Z sądeckim PKS Litwiński zaznajomił się wcześniej, niż został konduktorem. Miał tam praktykę jako uczeń Techniku Samochodowego. Zakochał się wtedy w nauczycielce i wszedł w drogę dyrektorowi szkoły. Przed wyrzuceniem z klasy maturalnej uratował go wicedyrektor Adam Popiela. - Po szkole nie zostałem w PKS-ie, lecz zostałem wyrobnikiem w firmie Las ze znakomitą na tamte czasy pensją 4700 złotych - wspomina biznesmen.
Później było wojsko i dobra fucha kierowcy propagandowej nysy 501 w Karpackiej Brygadzie Wojsk Ochrony Pogranicza w Nowym Sączu. Po wyjściu do cywila trafił do państwowej firmy budowlanej. Z bratem składał wywrotki jelcz ze złomu. Karierę w amerykańskim stylu "od pucybuta do milionera" rozpoczął w 1985 r. Chciano go wysłać na przymusowy urlop. Złożył wypowiedzenie. Zrobił kurs operatorów maszyn drogowych. W Banku Spółdzielczym w Łososinie Dolnej wziął kredyt tak duży, że do końca XX wieku nikt nie zaryzykował tam większego. Kupił olbrzymią koparkę.

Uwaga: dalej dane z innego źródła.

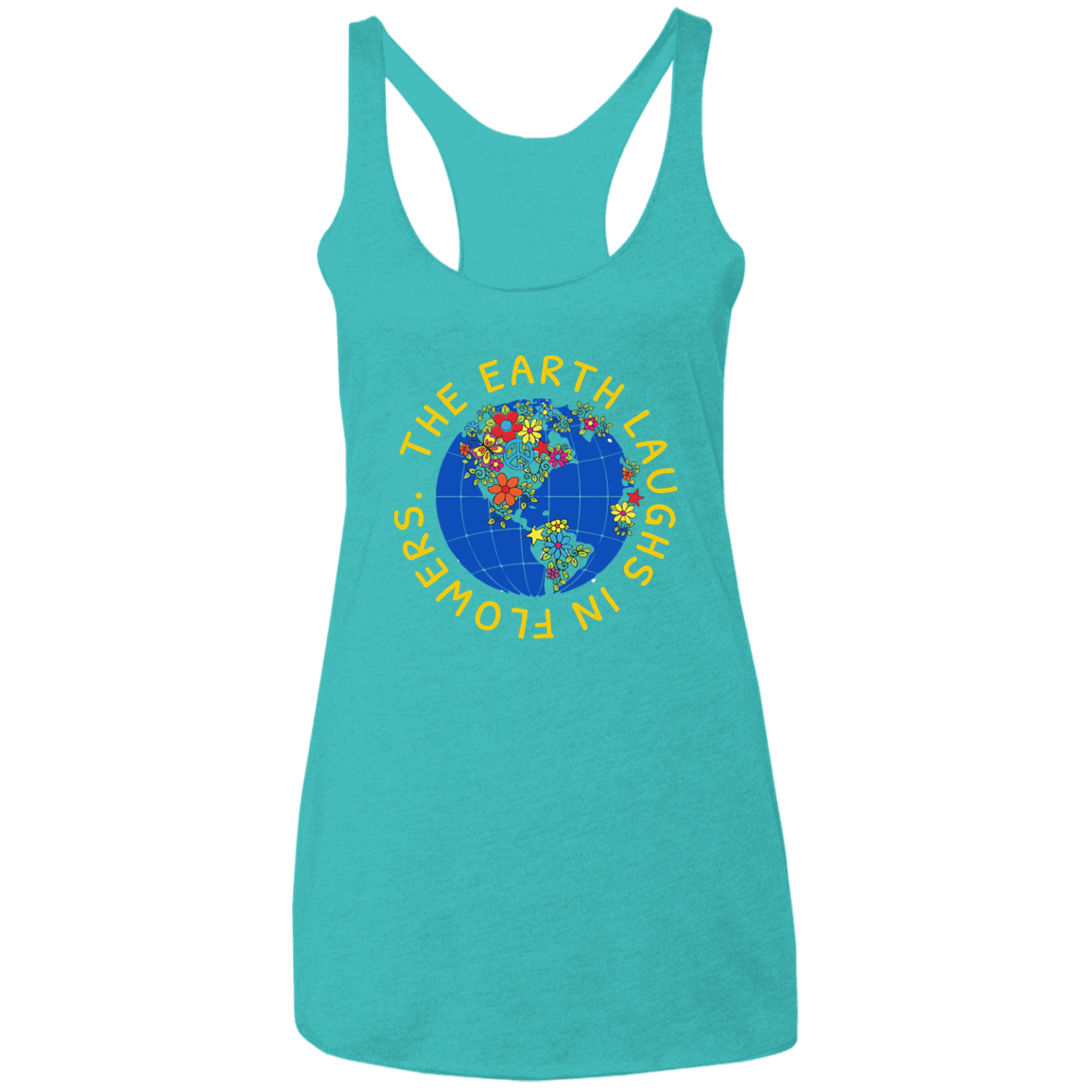 The Earth Laughs in Flower Tank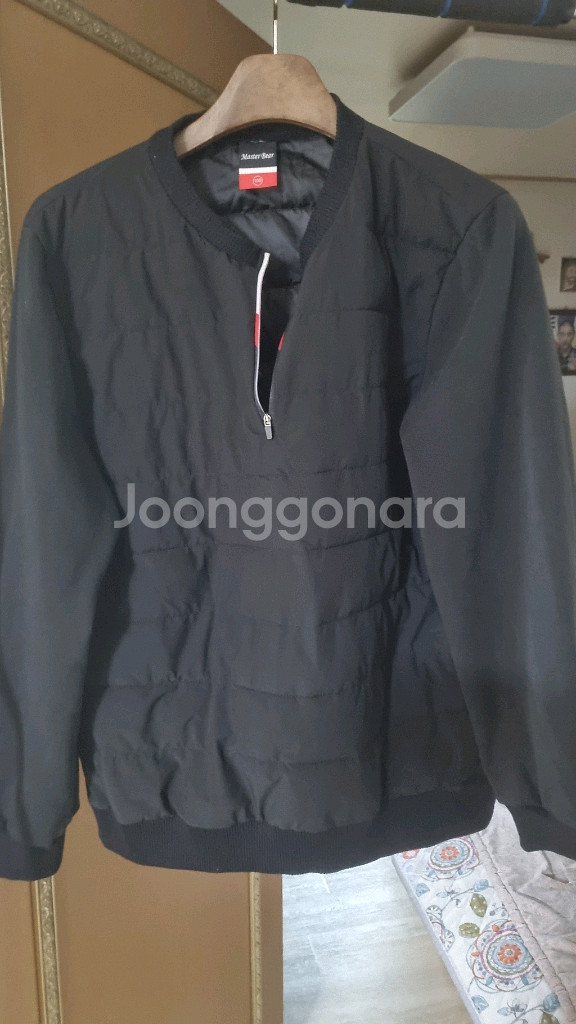 master bear 검정자켓--0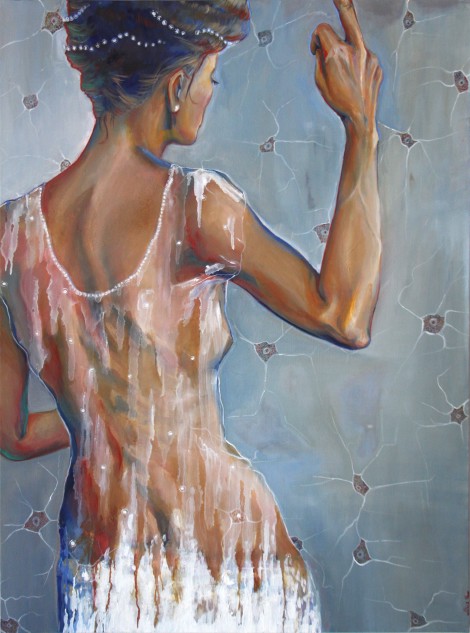 Des Femmes - Huile sur toile - 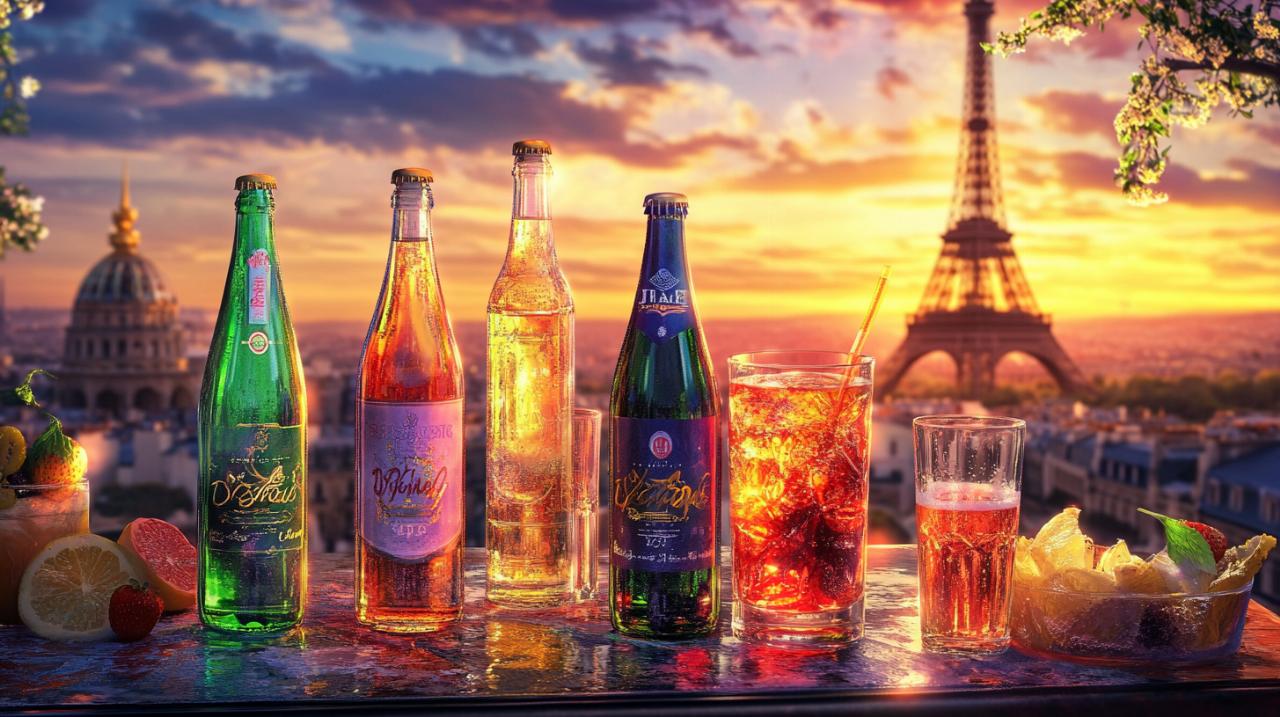 Top 4 des meilleures boissons gazeuses en France en 2025 : Caen Cola, Coca-cola, Bière, Pepsi au banc d’essai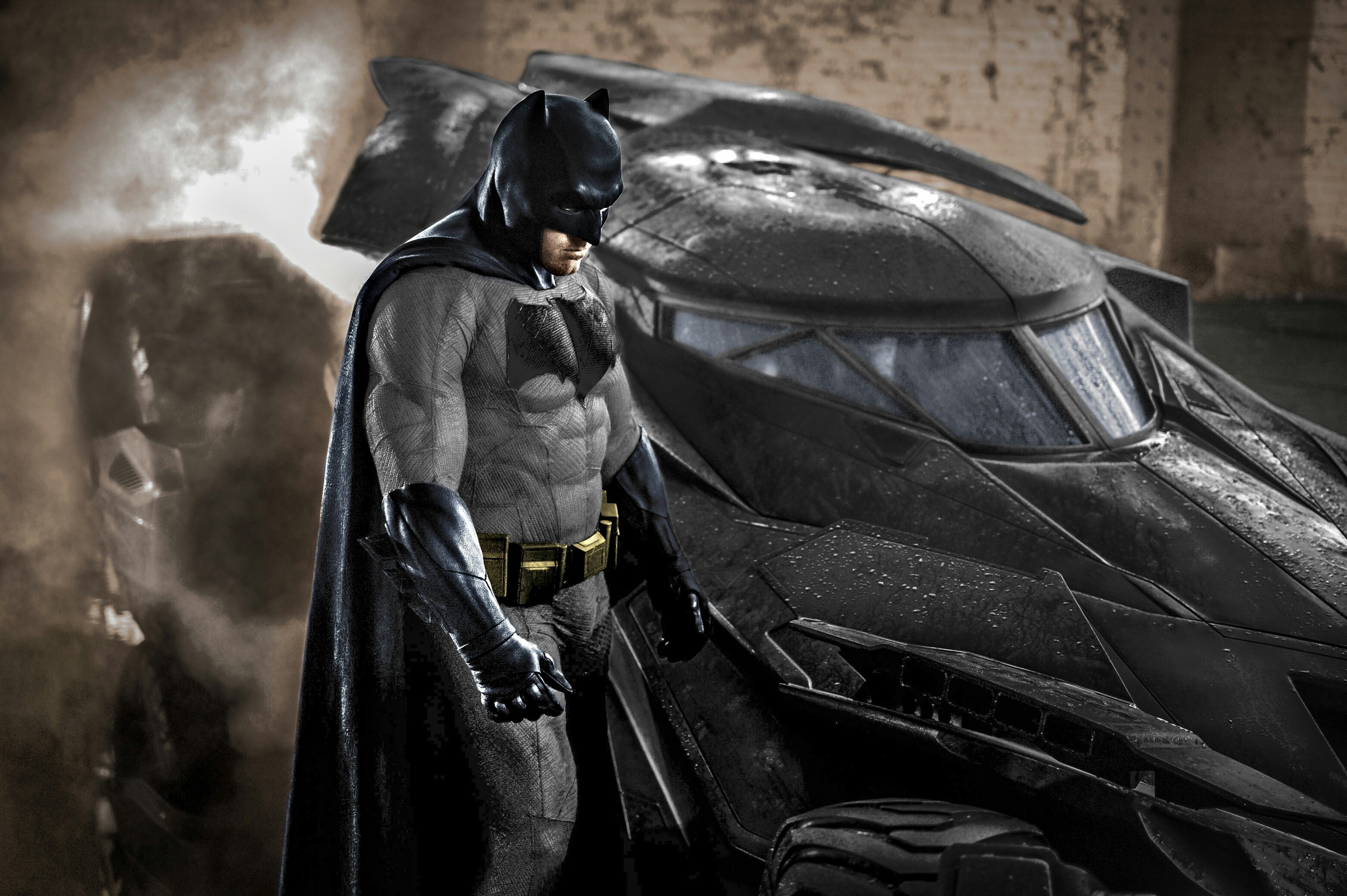 Đáng buồn thay cho số phận long đong của phim riêng về Batman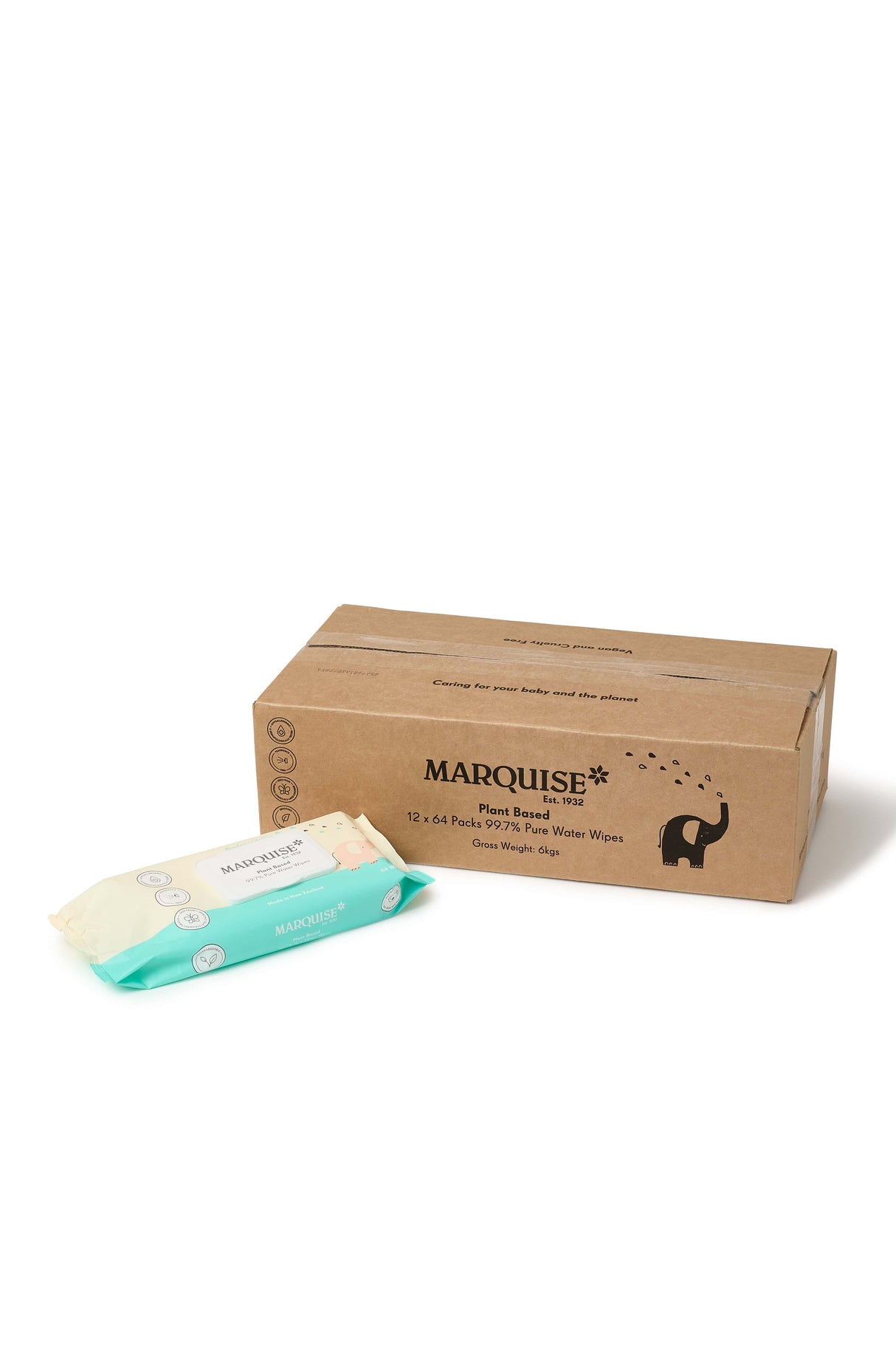 Marquise Eco Water Wipes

Dzisiaj po Europie krąży 100 tirów Litwińskiego. Ostatnio dokupił kilkanaście nowych ciągników siodłowych volvo, które czasem sam chciałby prowadzić. Jego auta wożą także materiały wybuchowe dla wojska. Litwiński nie prowadzi tylko firmy transportowej. Posiada m.in. kombinat budowlany, dla którego prowadzi ośrodek szkolenia zawodowego w Tęgoborzu. Uczą się tam kierowcy i operatorzy maszyn. W rodzinnej miejscowości nad Jeziorem Rożnowskim prowadzi też hotel, który właśnie powiększył o sale bankietową i balową.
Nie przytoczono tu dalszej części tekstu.